This just doesn’t seem very likely, even if you think the worst of the Obama administration. As Robert Wright says:

The Obama folks may be cynical, but they’re smart enough to have known that if Chen walked into a bait-and-switch, that would be a big problem not just for him but for them. It doesn’t make sense, even in Machiavellian terms, that they’d have wanted to seriously mislead him.

That sounds right to me. Even if you look at this in the most cynical political way, Obama would have known perfectly well that he couldn’t sell out Chen without the entire world knowing about it immediately. And that, of course, would open him up to exactly the kind of opportunistic jeering that Mitt Romney so drearily delivered on cue today (“This is a dark day for freedom and it’s a day of shame for the Obama administration”).

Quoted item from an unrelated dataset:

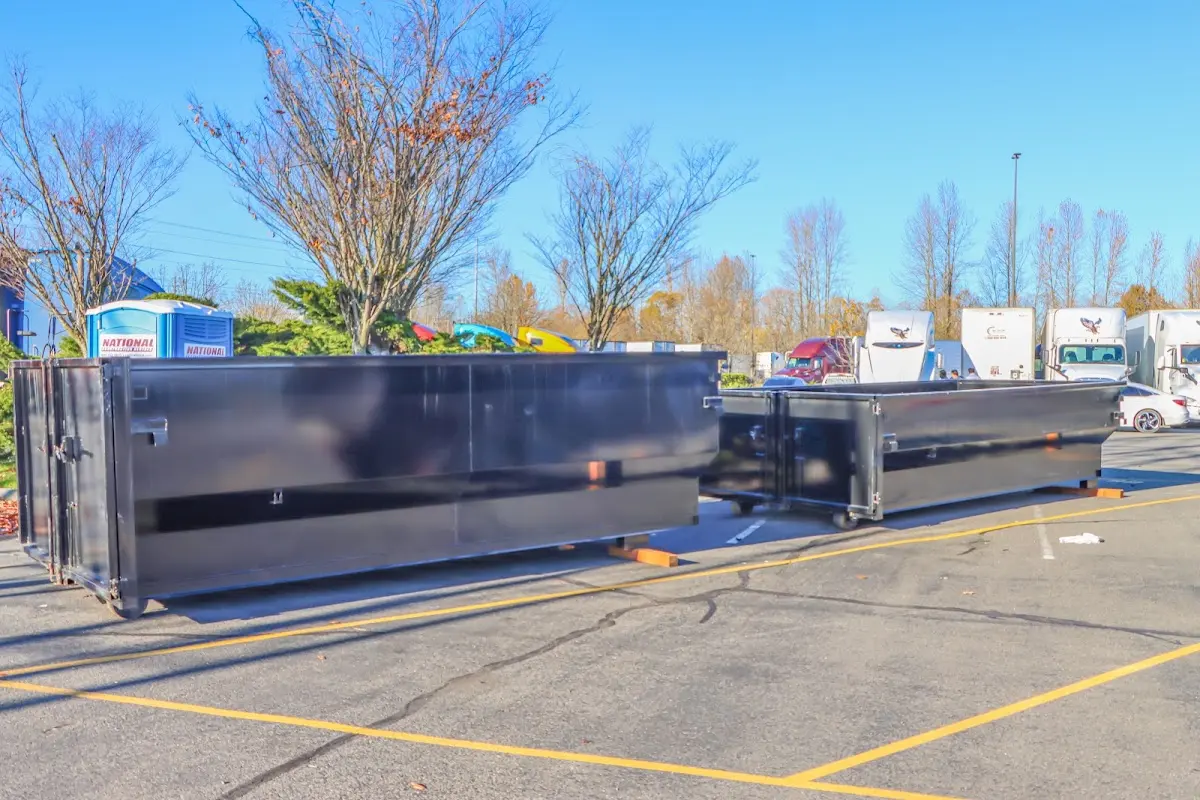 Professional dumpster rental service with roll-off container on residential driveway in Wright City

But if that’s not it, what did happen? Wright points us to some speculation from Walter Russell Mead

At some point one or more internal police officials either got to his wife or got to Chen after he’d left the embassy and told him in the most bloodcurdling and alarming way that he was under threat, that they would be watching and waiting, and that his wife and family would meet very unpleasant fates once the security forces got him back out of Beijing. And they would have told him in a very chilling way that he was not to tell anyone about this little conversation….After that kind of talk, a weary and blind man, much more worried about the safety of his family than about anything that would happen to him, might well change his mind about staying in China — and might also need to give a good reason for the change of mind without mentioning any recent encounters with the security forces. This is a completely speculative theory with no evidence, and other explanations are possible. But it fits the known facts.